→ **Your assignment**: Find and copy every line in the records that includes the string "Women".

START Records supplied

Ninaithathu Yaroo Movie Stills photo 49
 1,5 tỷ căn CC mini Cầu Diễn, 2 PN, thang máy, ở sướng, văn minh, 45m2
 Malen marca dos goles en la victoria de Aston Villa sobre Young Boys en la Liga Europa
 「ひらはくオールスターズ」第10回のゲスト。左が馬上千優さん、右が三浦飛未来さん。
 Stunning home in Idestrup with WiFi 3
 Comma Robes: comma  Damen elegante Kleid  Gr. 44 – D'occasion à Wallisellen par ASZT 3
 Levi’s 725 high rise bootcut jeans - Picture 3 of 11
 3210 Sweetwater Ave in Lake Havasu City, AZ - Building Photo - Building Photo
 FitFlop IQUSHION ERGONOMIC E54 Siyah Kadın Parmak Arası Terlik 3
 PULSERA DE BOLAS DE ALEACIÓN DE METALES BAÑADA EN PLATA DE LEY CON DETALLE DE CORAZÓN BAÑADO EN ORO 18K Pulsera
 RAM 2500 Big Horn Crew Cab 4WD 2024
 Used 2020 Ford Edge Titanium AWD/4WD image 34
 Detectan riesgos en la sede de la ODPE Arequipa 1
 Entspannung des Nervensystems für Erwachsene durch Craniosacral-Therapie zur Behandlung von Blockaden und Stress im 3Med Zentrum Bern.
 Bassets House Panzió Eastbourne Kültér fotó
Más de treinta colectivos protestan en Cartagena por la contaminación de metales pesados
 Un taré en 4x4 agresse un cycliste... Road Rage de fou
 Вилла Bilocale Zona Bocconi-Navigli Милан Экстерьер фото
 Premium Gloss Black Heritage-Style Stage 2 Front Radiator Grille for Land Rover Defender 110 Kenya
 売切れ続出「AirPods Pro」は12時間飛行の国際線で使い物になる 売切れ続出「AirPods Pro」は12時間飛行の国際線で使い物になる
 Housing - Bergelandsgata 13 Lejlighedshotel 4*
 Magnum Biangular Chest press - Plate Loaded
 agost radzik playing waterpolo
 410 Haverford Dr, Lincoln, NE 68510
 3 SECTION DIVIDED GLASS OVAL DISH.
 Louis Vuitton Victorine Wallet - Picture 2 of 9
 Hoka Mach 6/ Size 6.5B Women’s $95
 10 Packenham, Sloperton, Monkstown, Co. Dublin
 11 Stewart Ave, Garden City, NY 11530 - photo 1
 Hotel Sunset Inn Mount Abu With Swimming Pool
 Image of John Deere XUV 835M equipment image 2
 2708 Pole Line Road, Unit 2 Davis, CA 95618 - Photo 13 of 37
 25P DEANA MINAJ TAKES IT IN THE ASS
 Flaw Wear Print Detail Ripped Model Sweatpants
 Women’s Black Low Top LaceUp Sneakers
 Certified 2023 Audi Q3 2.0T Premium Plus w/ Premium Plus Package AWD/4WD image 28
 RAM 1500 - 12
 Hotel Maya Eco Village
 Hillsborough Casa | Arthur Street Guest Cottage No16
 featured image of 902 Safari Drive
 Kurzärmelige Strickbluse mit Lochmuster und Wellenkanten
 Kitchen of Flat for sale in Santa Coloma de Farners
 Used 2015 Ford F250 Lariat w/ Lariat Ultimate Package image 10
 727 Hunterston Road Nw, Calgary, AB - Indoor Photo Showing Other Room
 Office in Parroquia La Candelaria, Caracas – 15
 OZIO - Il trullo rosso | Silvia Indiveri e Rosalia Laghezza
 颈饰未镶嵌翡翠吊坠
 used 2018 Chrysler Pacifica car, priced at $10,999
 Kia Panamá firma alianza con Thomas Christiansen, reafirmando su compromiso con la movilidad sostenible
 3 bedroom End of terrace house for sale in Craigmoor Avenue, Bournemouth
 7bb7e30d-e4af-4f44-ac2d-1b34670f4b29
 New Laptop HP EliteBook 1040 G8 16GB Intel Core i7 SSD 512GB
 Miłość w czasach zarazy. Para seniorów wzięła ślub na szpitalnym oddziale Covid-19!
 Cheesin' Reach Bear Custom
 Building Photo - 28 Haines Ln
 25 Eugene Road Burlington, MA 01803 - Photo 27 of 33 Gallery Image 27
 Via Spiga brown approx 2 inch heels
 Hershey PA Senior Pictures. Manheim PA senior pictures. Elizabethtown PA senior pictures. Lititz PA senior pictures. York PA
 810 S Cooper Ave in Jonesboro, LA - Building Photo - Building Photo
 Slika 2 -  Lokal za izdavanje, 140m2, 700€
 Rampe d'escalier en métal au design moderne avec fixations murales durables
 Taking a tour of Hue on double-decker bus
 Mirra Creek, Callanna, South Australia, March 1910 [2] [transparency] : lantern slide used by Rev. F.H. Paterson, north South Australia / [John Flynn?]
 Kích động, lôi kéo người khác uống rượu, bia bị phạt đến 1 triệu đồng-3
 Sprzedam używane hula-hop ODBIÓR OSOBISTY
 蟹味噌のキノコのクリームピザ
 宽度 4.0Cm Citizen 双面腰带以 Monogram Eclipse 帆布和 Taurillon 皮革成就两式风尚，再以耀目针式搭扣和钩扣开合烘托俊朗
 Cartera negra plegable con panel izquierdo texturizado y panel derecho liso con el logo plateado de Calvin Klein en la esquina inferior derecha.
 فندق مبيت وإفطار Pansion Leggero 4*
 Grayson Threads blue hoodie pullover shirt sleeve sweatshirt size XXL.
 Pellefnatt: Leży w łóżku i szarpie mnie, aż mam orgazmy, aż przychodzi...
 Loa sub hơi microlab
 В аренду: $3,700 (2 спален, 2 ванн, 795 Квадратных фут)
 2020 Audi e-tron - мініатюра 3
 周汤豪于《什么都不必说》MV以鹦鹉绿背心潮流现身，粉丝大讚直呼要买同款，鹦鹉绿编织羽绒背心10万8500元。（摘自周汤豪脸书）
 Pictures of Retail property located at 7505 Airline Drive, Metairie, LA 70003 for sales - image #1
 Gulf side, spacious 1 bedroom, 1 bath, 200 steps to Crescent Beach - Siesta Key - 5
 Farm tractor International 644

END Records supplied

→ **Solution to the problem**:
 Hoka Mach 6/ Size 6.5B Women’s $95
 Women’s Black Low Top LaceUp Sneakers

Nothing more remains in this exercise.